About

MAGMA

MAGMA (Maximum Accessible Genome for Mtb Analysis) is a pipeline for comprehensive genomic analyses of Mycobacterium tuberculosis with a focus on clinical decision making as well as research.

Go to

Prerequisites
Customization
Citation

Salient features of the implementation

Fine-grained control over resource allocation (CPU/Memory/Storage)
Reliance of bioconda for installing packages for reproducibility
Ease of use on a range of infrastructure (cloud/on-prem HPC clusters/ servers (or local machines))
Resumability for failed processes
Centralized locations for specifying analysis parameters and hardware requirements
- MAGMA parameters (default_parameters.config which can overridden using a params.yaml file)
- Hardware requirements (conf/server.config or conf/pbs.config or conf/low_memory.config)
- Execution (software) requirements (conf/docker.config or conf/conda_local.config or conf/podman.config)

Prerequisites

Nextflow

git : The version control in the pipeline.
Java-11 or Java-17 LTS release (preferred)

:warning: Check java version!: The java version should NOT be an internal jdk release!

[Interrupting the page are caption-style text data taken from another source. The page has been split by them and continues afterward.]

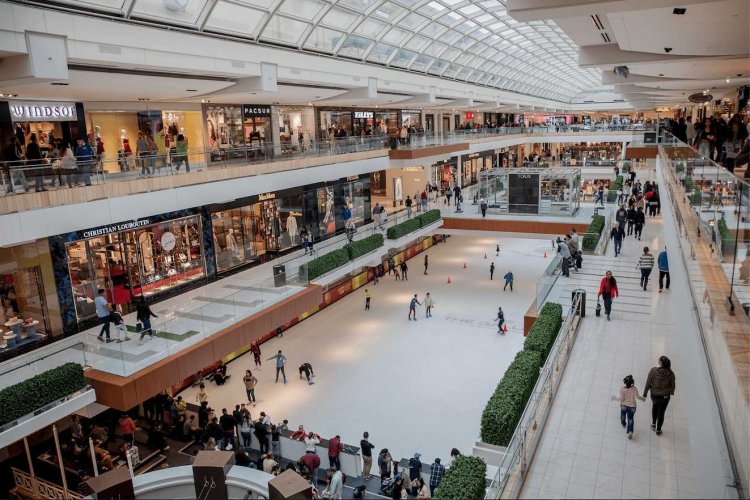 Indoor ice skating rink at Houston's The Galleria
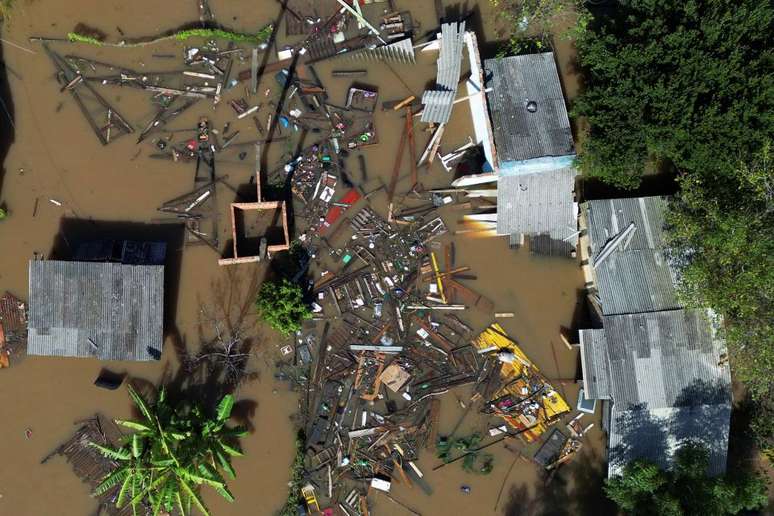 Imagem de drone mostra restos deixados pela enchente em Serraria, em Porto Alegre, Rio Grande do Sul. (14/05/2024)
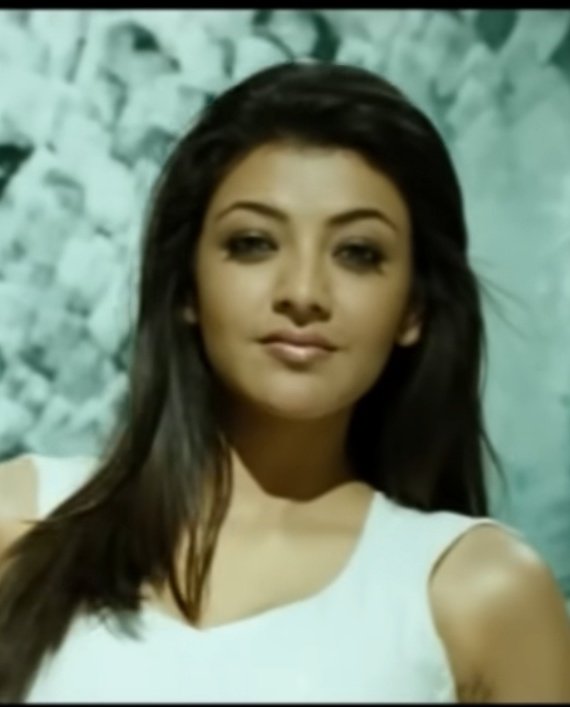 Gnanadeep30's tweet image. Can't believe these two songs were composed by the same Person.
Two Completely opposite emotions -
like two sides of a Coin.
@ThisIsDSP 🫡♥️
#DSP #DeviSriPrasad 

Bharatha                        Diwali
 vedhamuga                    deepanni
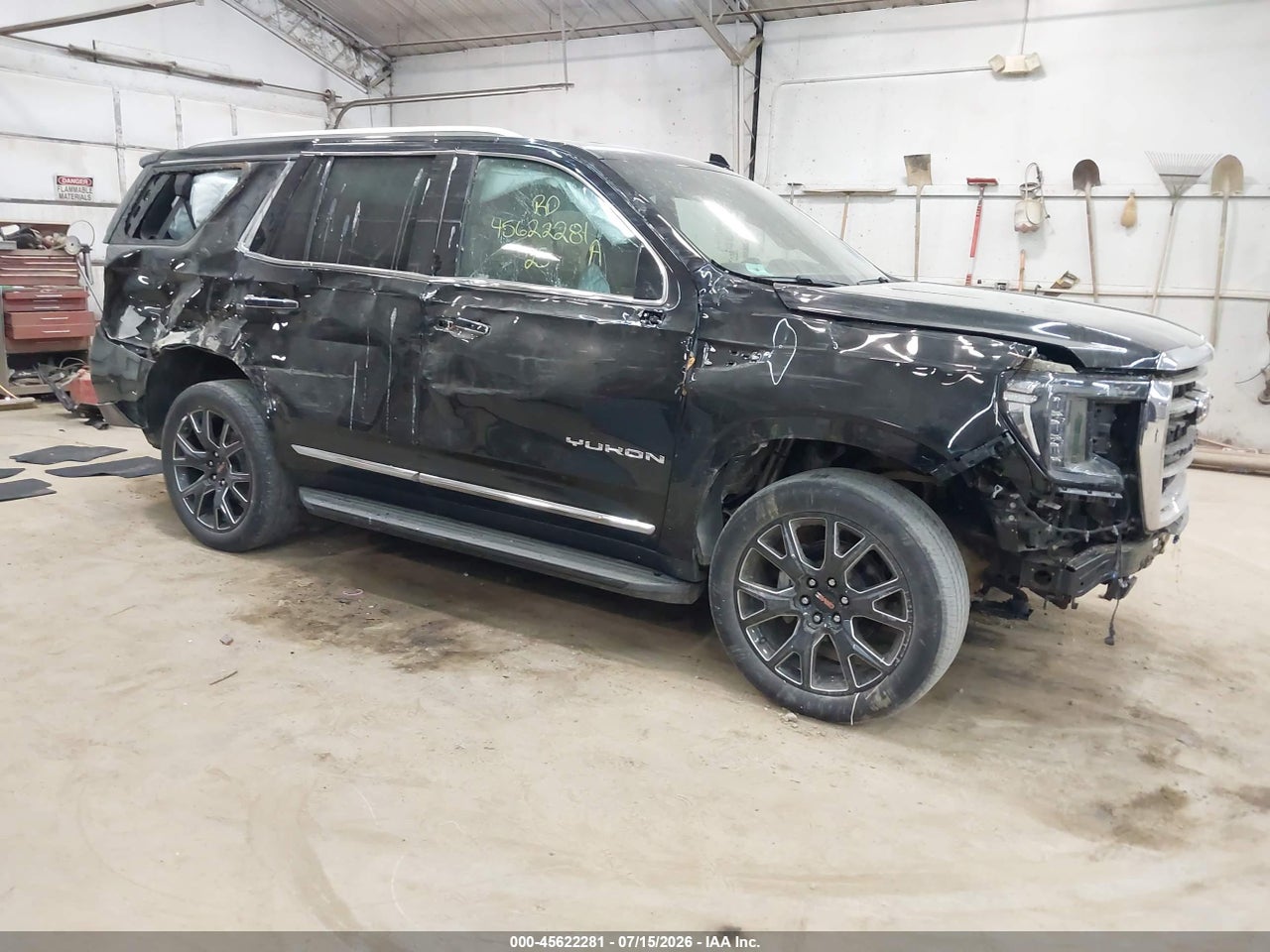 1GKS2BKD1PR****** · 2023 GMC YUKON 4WD SLT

You can check the release via java --version Notice the LTS next to OpenJDK line.


$ java -version
openjdk version "17.0.7" 2023-04-18 LTS
OpenJDK Runtime Environment (build 17.0.7+7-LTS)
OpenJDK 64-Bit Server VM (build 17.0.7+7-LTS, mixed mode, sharing)

Download Nextflow

$ curl -s https://get.nextflow.io | bash

Make Nextflow executable

$ chmod +x nextflow

Add nextflow to your path (for example /usr/local/bin/)

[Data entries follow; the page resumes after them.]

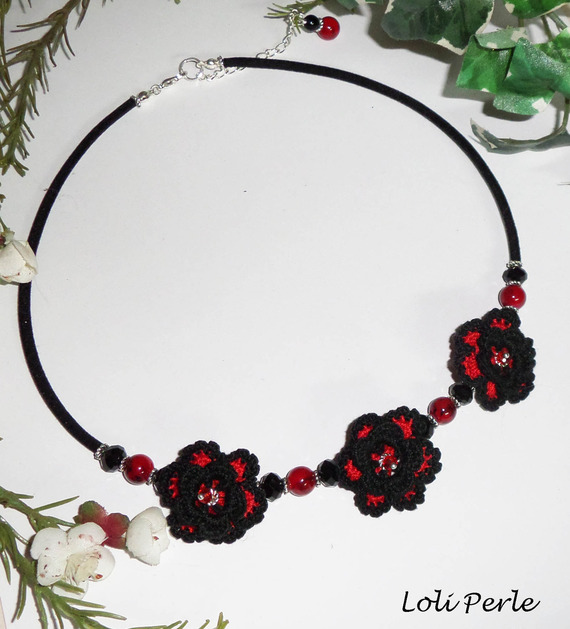 Colar original com flores de croché preto e vermelho, cristais e contas de vidro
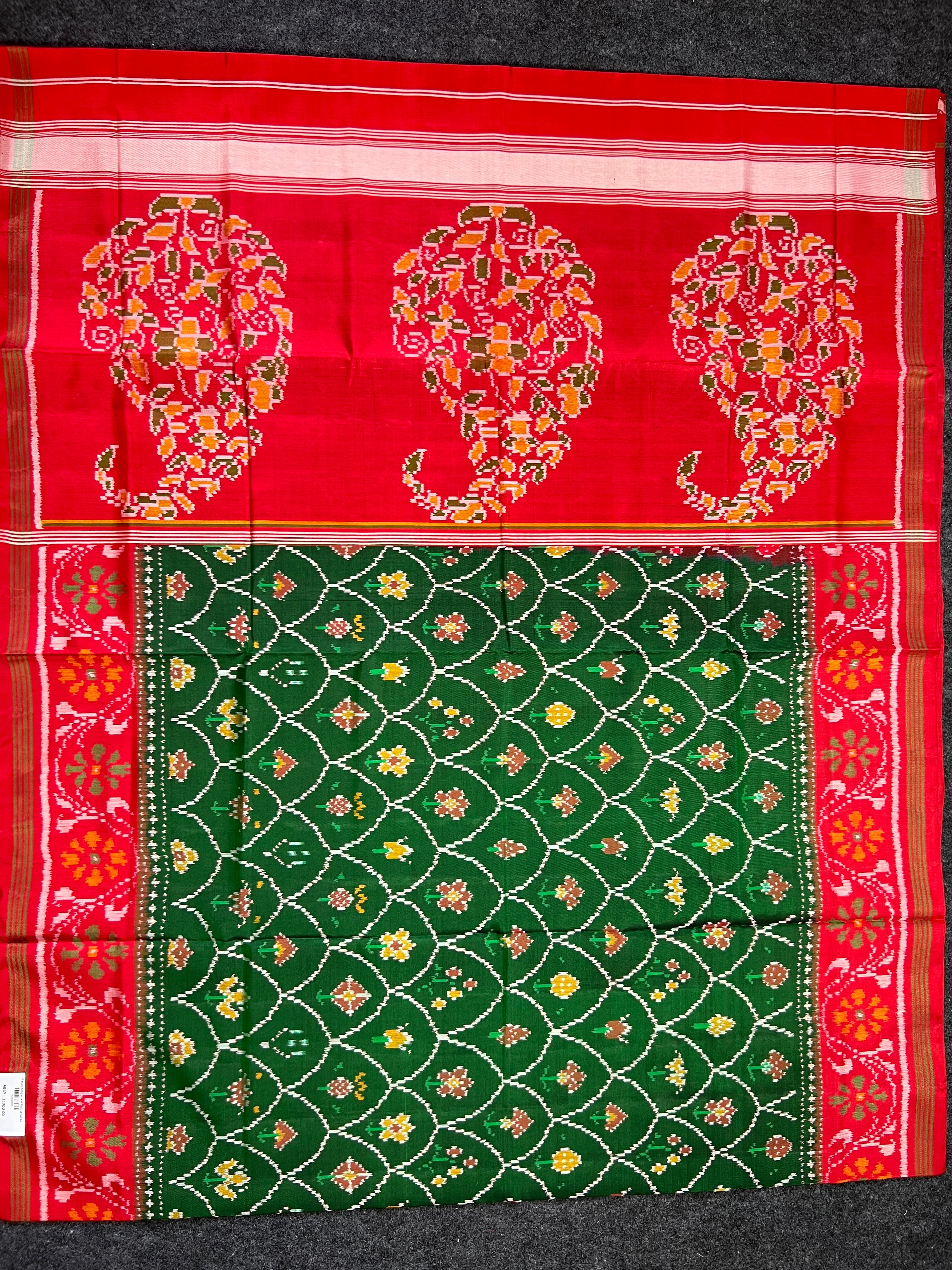 Fancy Design Red-Green Handwoven Patola Silk Saree Secondary image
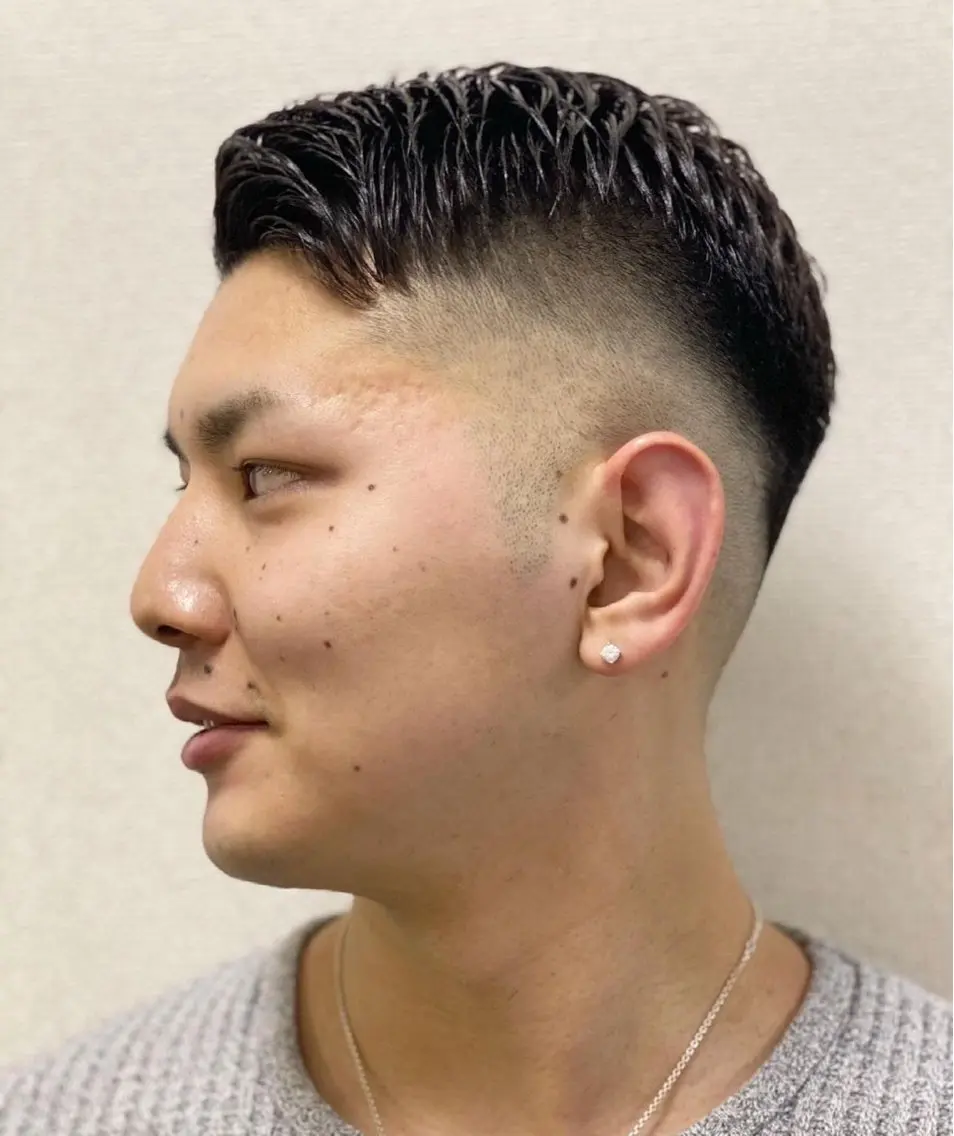 💈フェード＋シャンプー＋セット💈持ちもよくかっこいい流行りの髪型です、イメチェンにもなるのでぜひ🔥の写真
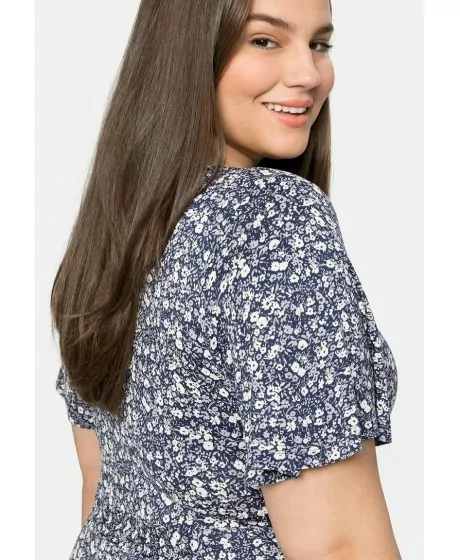 Sheego adīta kleita ar spārnotām piedurknēm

$ mv nextflow /usr/local/bin

Sanity check for nextflow installation

$ nextflow info

  Version: 23.04.1 build 5866
  Created: 15-04-2023 06:51 UTC (08:51 SAST)
  System: Mac OS X 12.6.5
  Runtime: Groovy 3.0.16 on OpenJDK 64-Bit Server VM 17.0.7+7-LTS
  Encoding: UTF-8 (UTF-8)

:heavy_check_mark: With this you’re all set with Nextflow. Next we shall do a sanity-check for the pipeline setup.:

Pipeline setup sanity check

We provide the test profile, which can be used to test the pipeline as it will

Download 3 publicly available samples from the MAGMA publication https://doi.org/10.1371/journal.pcbi.1011648
Save you the trouble of settings up a samplesheet.csv with your own samples
Save you the trouble of preparing a parameters.yaml file for the analysis

You can initiate the test as shown below, assuming you will run this on a machine with low resources, we suggest you add laptop as well.

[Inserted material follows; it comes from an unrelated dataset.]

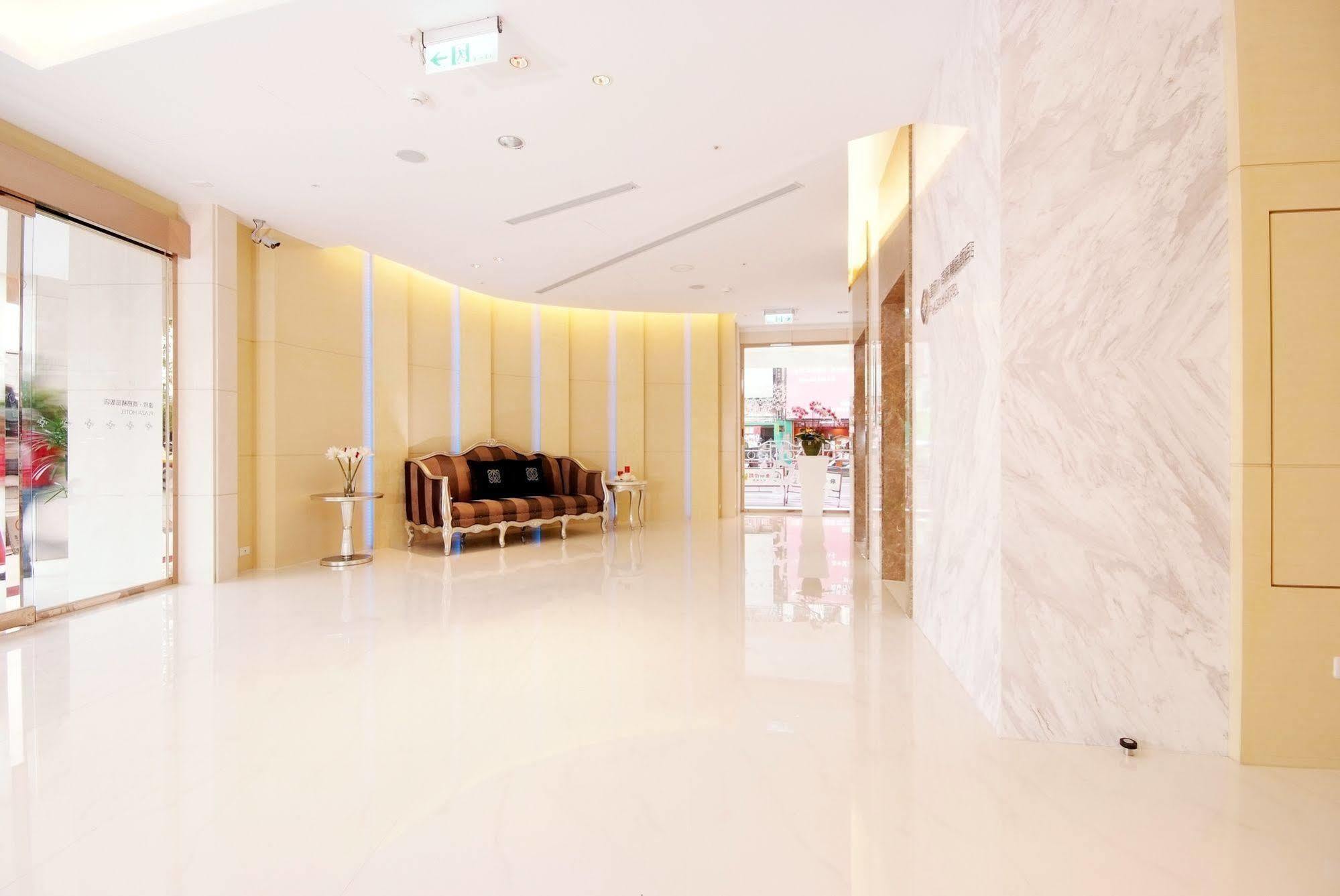 Hotel Leisure 台中輕行旅 Εξωτερικό φωτογραφία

nextflow run 'https://github.com/TORCH-Consortium/MAGMA' \
         -profile test,docker,laptop \
         -r v2.2.0

:warning: Run in background!: You might want to run the test in background, using screen or tmux.

Samplesheet

A dummy samplesheet is provided here

The minimal samplesheet structure should have the following fields.

Sample,R1,R2
S0001,/full_path_to_directory_of_fastq_files/S0001_01_R1.fastq.gz,full_path_to_directory_of_fastq_files/S0001_01_R1.fastq.gz
S0002,/full_path_to_directory_of_fastq_files/S0002_01_R1.fastq.gz,full_path_to_directory_of_fastq_files/S0002_01_R2.fastq.gz
S0003,/full_path_to_directory_of_fastq_files/S0003_01_R1.fastq.gz,

If you have the metadata from sequencing instrument, you can specify further information in the samplesheet

Study,Sample,Library,Attempt,R1,R2,Flowcell,Lane,Index Sequence
Study_Name,S0001,1,1,full_path_to_directory_of_fastq_files/S0001_01_R1.fastq.gz,full_path_to_directory_of_fastq_files/S0001_01_R1.fastq.gz,1,1,1
Study_Name,S0002,1,1,full_path_to_directory_of_fastq_files/S0002_01_R1.fastq.gz,full_path_to_directory_of_fastq_files/S0002_01_R2.fastq.gz,1,1,1
Study_Name,S0003,1,1,full_path_to_directory_of_fastq_files/S0003_01_R1.fastq.gz,full_path_to_directory_of_fastq_files/S0003_01_R2.fastq.gz,1,1,1
Study_Name,S0004,1,1,full_path_to_directory_of_fastq_files/S0004_01_R1.fastq.gz,full_path_to_directory_of_fastq_files/S0004_01_R2.fastq.gz,1,1,1

Here’s a formatted version of the CSV above, including all optional fields

Study	Sample	Library	Attempt	R1	R2	Flowcell	Lane	Index Sequence
Study_Name	S0001	1	1	full_path_to_directory_of_fastq_files/S0001_01_R1.fastq.gz	full_path_to_directory_of_fastq_files/S0001_01_R1.fastq.gz	1	1	1
Study_Name	S0002	1	1	full_path_to_directory_of_fastq_files/S0002_01_R1.fastq.gz	full_path_to_directory_of_fastq_files/S0002_01_R2.fastq.gz	1	1	1
Study_Name	S0003	1	1	full_path_to_directory_of_fastq_files/S0003_01_R1.fastq.gz	full_path_to_directory_of_fastq_files/S0003_01_R2.fastq.gz	1	1	1
Study_Name	S0004	1	1	full_path_to_directory_of_fastq_files/S0004_01_R1.fastq.gz	full_path_to_directory_of_fastq_files/S0004_01_R2.fastq.gz	1	1	1

Customization

Note We are currently working on the transition to nf-core standard (see https://github.com/TORCH-Consortium/MAGMA/issues/188), which would add standardized configurations and pipeline structure to benefit from the nf-core nf-core/modules and nf-core/configs projects.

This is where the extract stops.